Even if "it is [requested] to scrutinize with acute legalism the propriety or relevance of the subject of inquiry of a witness" before a Grand Jury ( People v. "John Doe" [ Byk], supra, p. 326), we hold that the questions asked were legal and proper. They were probative of the investigation. They were asked in order to obtain evidence which would have an effective influence and would logically tend to prove or disprove the existence of the crimes under investigation. We except from this determination only the question put to McAdoo, which is the basis of the first count of the information filed against him. That question is not legal and proper by reason of its ambiguity.
4. Failure to advise the defendants of the purpose of the Grand Jury investigation precludes a prosecution for contempt.
We find no authority for this contention. The cases hold to the contrary ( United States v. McGovern, supra; People v. "John Doe" [ Byk], supra). The authorities cited by defendants are not applicable ( Watkins v. United States, 354 U.S. 178; Deutch v. United States, 367 U.S. 456; Russell v. United States, 369 U.S. 749).
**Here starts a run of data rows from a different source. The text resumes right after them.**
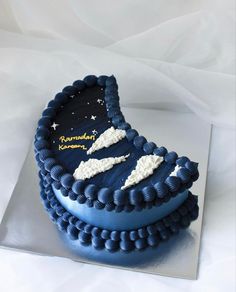 a blue cake with white stars and clouds on it's side, sitting on top of a silver platter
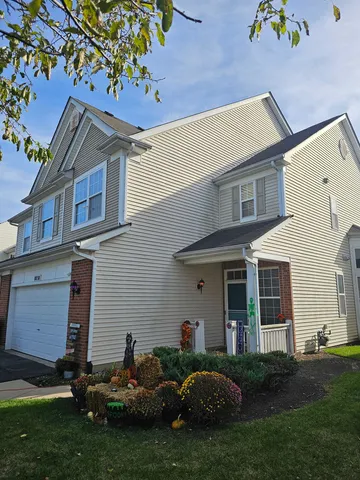 a backyard of a house with table and chairs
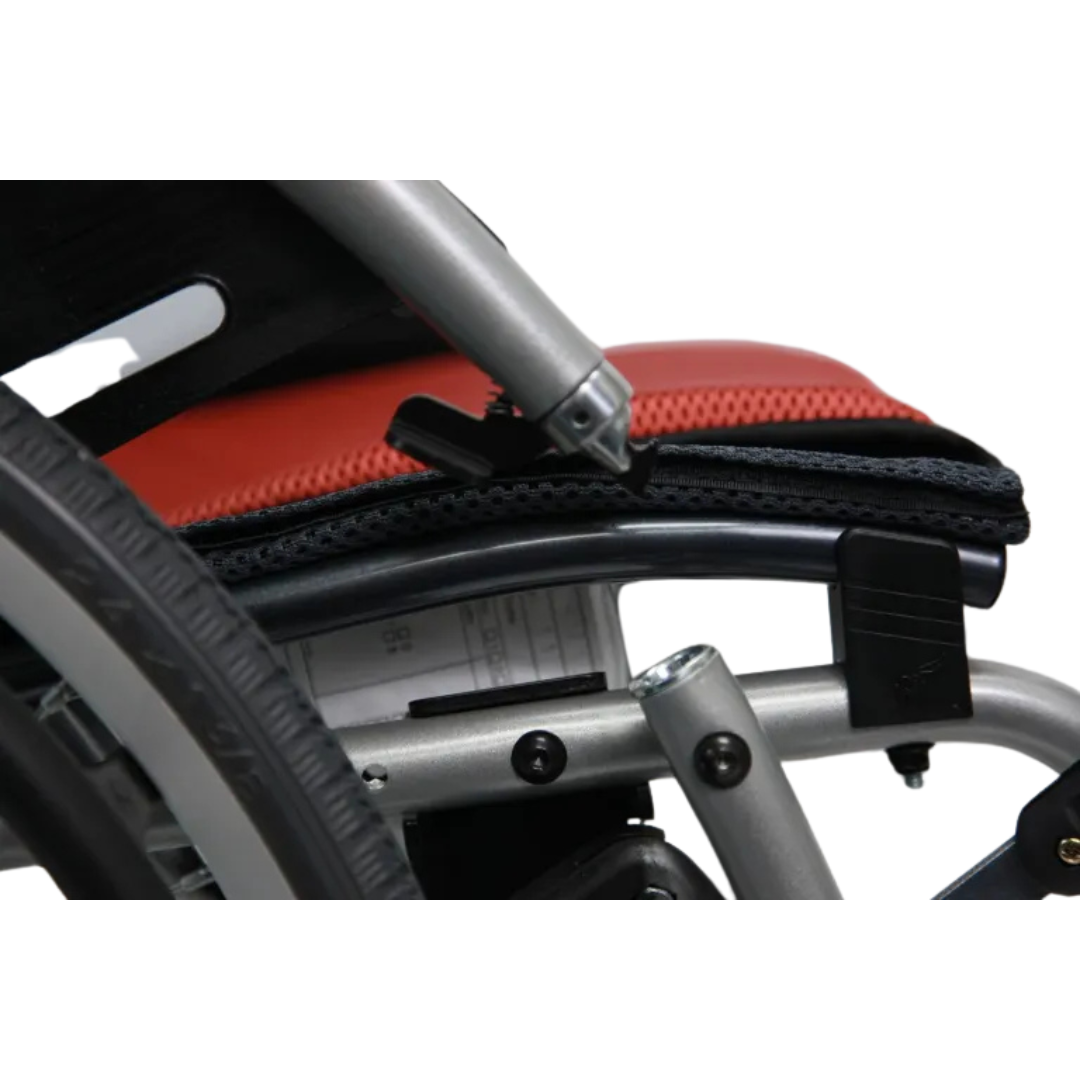 Close-up of a Karman S-Ergo 125 Wheelchair featuring a cushioned seat with a red cover, metal frame, and visible wheel and support structure. A document under the seat highlights its ultra-lightweight design.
These cases deal with Congressional investigating committees authorized under a Federal statute (U.S. Code, tit. 2, § 192) by which, Congressional jurisdiction of an inquiry, disclosure of the subject matter of the inquiry and pertinency of the questions to such subject matter are specifically required.
The case of Malloy v. Hogan ( 378 U.S. 1), also cited, is likewise not in point. Malloy who appeared as a witness in a statutory inquiry had not received full immunity ( Hoffman v. United States, 341 U.S. 479; People ex rel. Taylor v. Forbes, 143 N.Y. 219).
It must be borne in mind that Grand Jury inquiries are secret (Code Crim. Pro., § 258). This secrecy has been zealously guarded both at common law and under statutes ( People v. Dunbar Contr. Co., 82 Misc. 174). There are cogent reasons behind this policy of secrecy. They are aimed at preventing an accused from escaping before he is indicted, from tampering with witnesses, and protecting an accused person who is not indicted, from unwarranted exposure (8 Wigmore, Evidence [3d ed.], § 2360).
To compel a Grand Jury to divulge the purpose of its investigation to a witness who incidentally is not sworn to secrecy ( People v. Naughton, 38 How. Prac. 430), would defeat this policy and render nugatory many Grand Jury investigations.
5. Compulsive testimony of a witness before a Grand Jury is violative of the Fifth Amendment.
Defendants urge that testimony they were required to give this Grand Jury might be used against them in a Federal prosecution. They cite Murphy v. Waterfront Comm. ( 378 U.S. 52) as authority.
This case specifically held that as to compelled testimony given by an immunized witness in a State proceeding, the Federal Government is precluded from using such testimony or its fruits, in any criminal prosecution of that witness. (See, also, United States v. Interborough Delicatessen Dealers Assn., 235 F. Supp. 230.)
Defendants also cited People v. De Feo ( 308 N.Y. 595). This case is likewise no authority for their position. Full immunity had not been conferred on De Feo. ( Matter of Grand Jury [ Cioffi], 10 A.D.2d 425, affd. 8 N.Y.2d 220.)
6. Questions relative to the printing of posters were violative of the First Amendment.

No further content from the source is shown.